Chef Eric Ripert recalls uphill climb to culinary greatness
When Eric Ripert turned 18, he had a crisis of confidence. He was working in Paris at the famed La Tour D'Argent, a grueling first step on the journey from his childhood in the mountains of Andorra to where he is now -- one of the most admired chefs in the world, leading Manhattan's elegant Le Bernardin for more than 20 years.
But one day, it occurred to him that perhaps he should be a fashion model instead.
"I had finally started dating," he explains with a grin. "And a girlfriend said, `Wow, you're good-looking, you should be a model!"
Ripert's mother back in Andorra, a tiny principality between Spain and France, was dismayed. But she had fashion-world connections, and arranged a meeting for her son at the Courreges label. And that's where they put him straight. "Listen," a man at the fashion house told Ripert. "You may THINK you're good-looking, and probably in your home village, you are. But this is Paris!"
It was, Ripert says now, "the shortest meeting I ever had in my life."
Somehow, that anecdote never made it into Ripert's engrossing new memoir, "32 Yolks," which came out this week. But the 51-year-old chef recalled it as he sat down with The Associated Press recently at Le Bernardin and reflected on his arduous climb to the pinnacle of the culinary world. Being a top chef was a dream he'd had since he was a young boy hanging out after school in a local chef's kitchen, polishing off bowls of chocolate mousse.
"I always had a passion for eating -- and for good ingredients," Ripert says.
That passion for ingredients had been on display just minutes before the interview, as Ripert prepared for the restaurant's lunchtime opening. His first task was to sample the sauces, as he does each day in his bustling but airy kitchen, staffed by more than 50 cooks. "Too spicy," he had quietly pronounced of the sauce intended for octopus.
"Spicy is good," he explained later, "but what we don't want is to be burned here" -- he touched the sides of his throat. The cook in charge of the sauce station was already correcting the situation by discarding half, then adding more and calibrating the ingredients. It's hardly a simple task; the sauce station is the toughest in the kitchen.
"You start with salads and move up in the hierarchy and end in the sauce station," Ripert says, echoing his own training. "In every kitchen it's the most difficult. Because you're basically capturing flavors in a liquid, and that's complicated."
And it's not just about capturing flavors, but by keeping them calibrated all night long. "The last client should have the same taste as the first client. But some ingredients expand, and some die," he explains. "And some are killers, they destroy everything." A drop of lemon juice, for example: "An hour later any other flavor that was with it is dead."
Ripert knows well what it's like to be that guy at the kitchen station -- any station. "32 Yolks" refers to his disastrous first day at La Tour d'Argent, his first job out of culinary school. He was asked to mince some shallots; he sliced his finger open on the first one.

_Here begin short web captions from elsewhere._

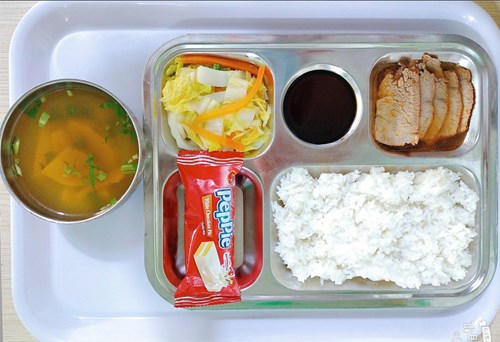 Thực đơn bán trú ngày 15/5/2025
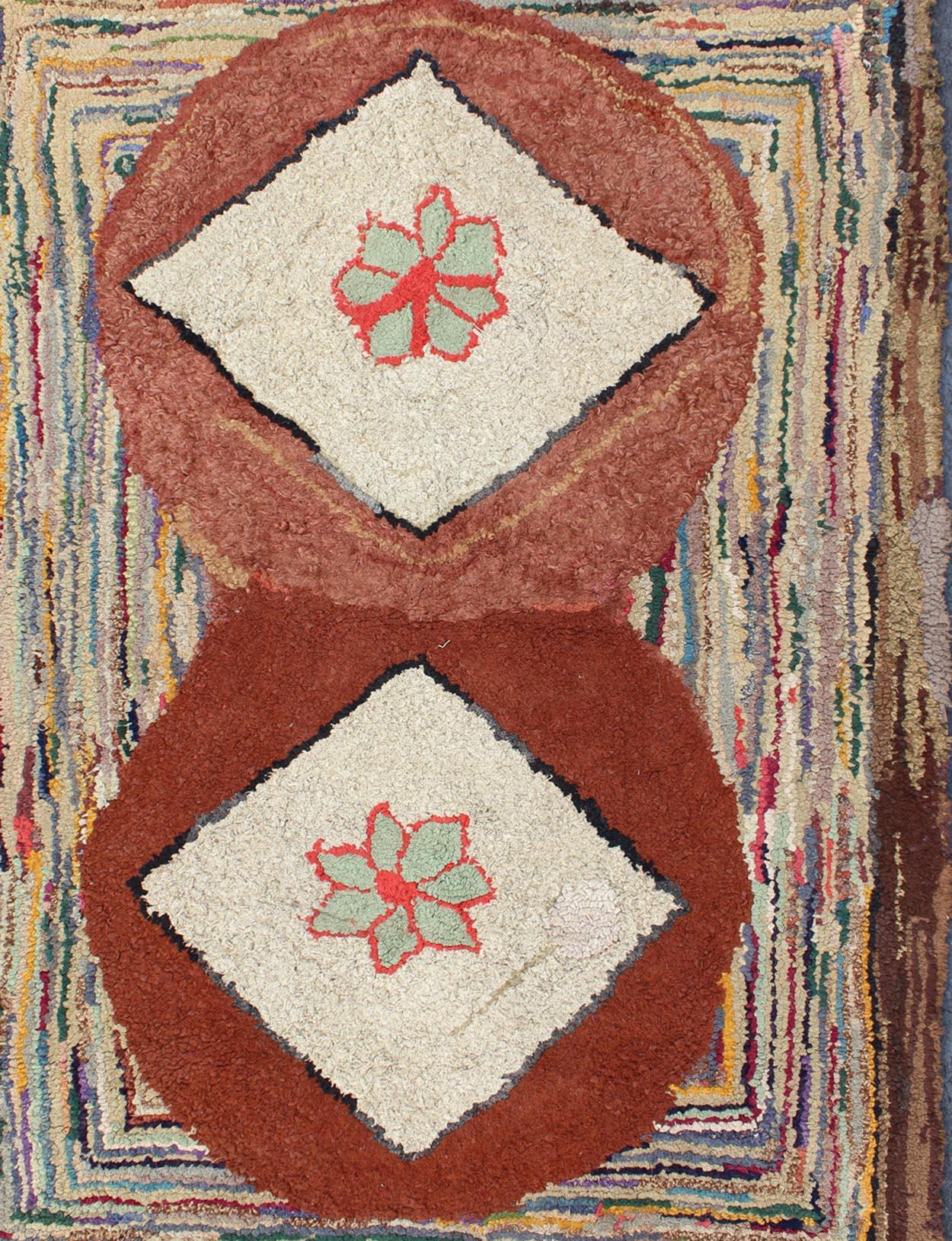 Einzigartiger antiker mehrfarbiger amerikanischer Kapuzenteppich mit Diamantstreifen (Handgeknüpft) im Angebot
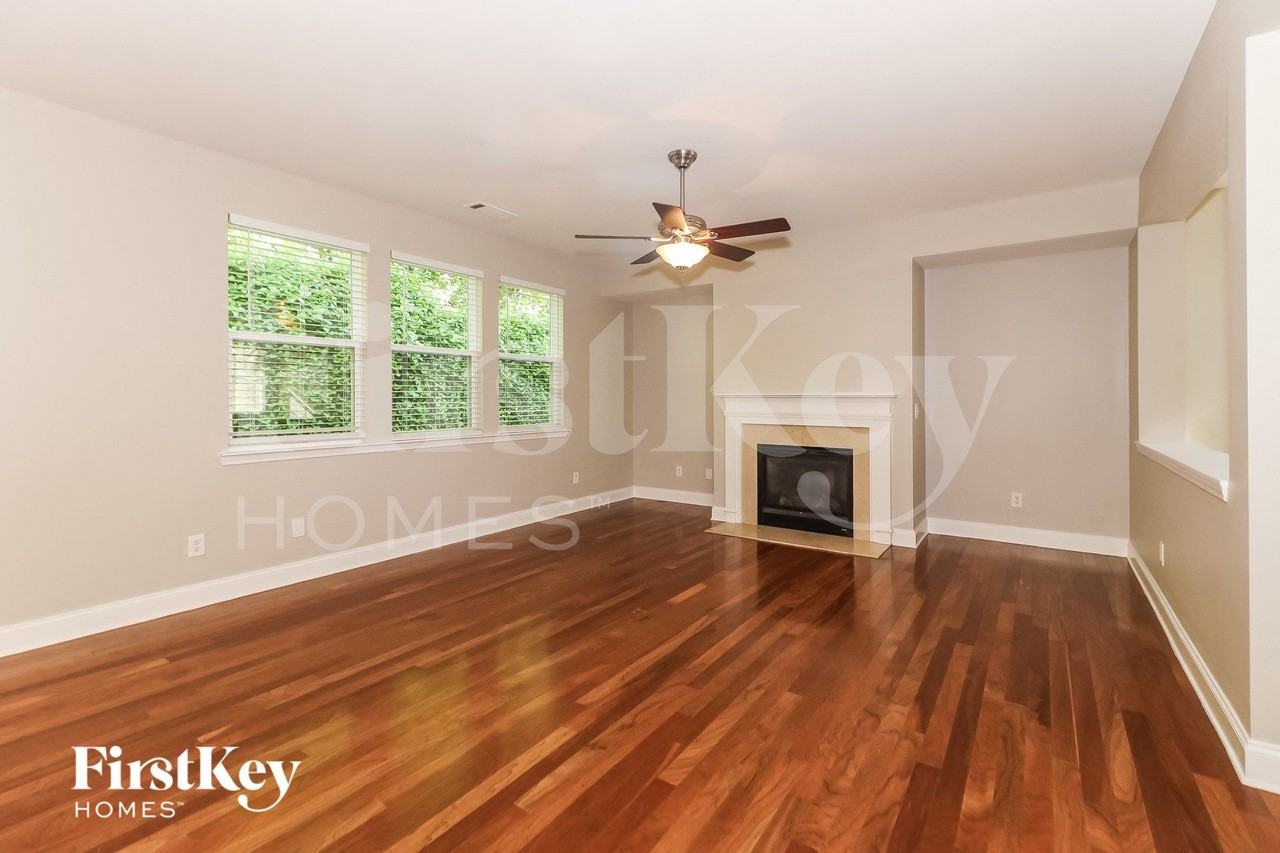 422 Howell Xing - Photo 4 of 15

Then he was asked to take 32 yolks and make a hollandaise sauce. He bombed. Then he was asked to fetch some chervil. He had no idea what it looked like.
Two weeks later, he hoisted a three-foot tall pot of boiling water and lost control. When he removed his socks, his scalded skin peeled off with them. He was sent home for a three-week recovery, but hobbled back a week later with swollen feet to show his dedication.
And worse was to come. Ripert's next boss, culinary wizard Joel Robuchon, was obsessed with earning a third Michelin star, and worked his staff to extremes; once, he asked them to peel every single pea individually, to remove a tiny sprout inside. "I saw a few guys punch the walls," Ripert writes of his time there. "Some guys suffered crippling anxiety attacks." Still, he greatly admires Robuchon's talent and calls him "my hero."
Ripert also writes with frankness of his childhood -- of happy years with his father before his parents divorced, and unhappy times afterward with his stepfather, who bullied him, made his home life hell, and sent him to boarding school, where, he writes, a priest made advances on him. Throughout, food saved him: He ended up at culinary school, which launched his career.
Ripert was in his 20s when he got the offer to go to Washington and work for French chef Jean-Louis Palladin at the Watergate Hotel (the book ends here). We have to ask, was it finally smooth sailing?
Hardly, Ripert laughs.
"I didn't speak English," he says. "And I guess I had an ego, and the naive idea that America was the continent of the burgers, and I was coming to save the world. I expected a red carpet. That was a rude awakening." Things got so tough, he thought of going home.
But he stayed, and in 1991, he was summoned to New York by Gilbert LeCoze at Le Bernardin. Three years later, LeCoze died, and Ripert took over as head chef. The rest is culinary history, and Ripert sees no end coming soon.
"Passion never goes away," he says. "I'll be here for a long time."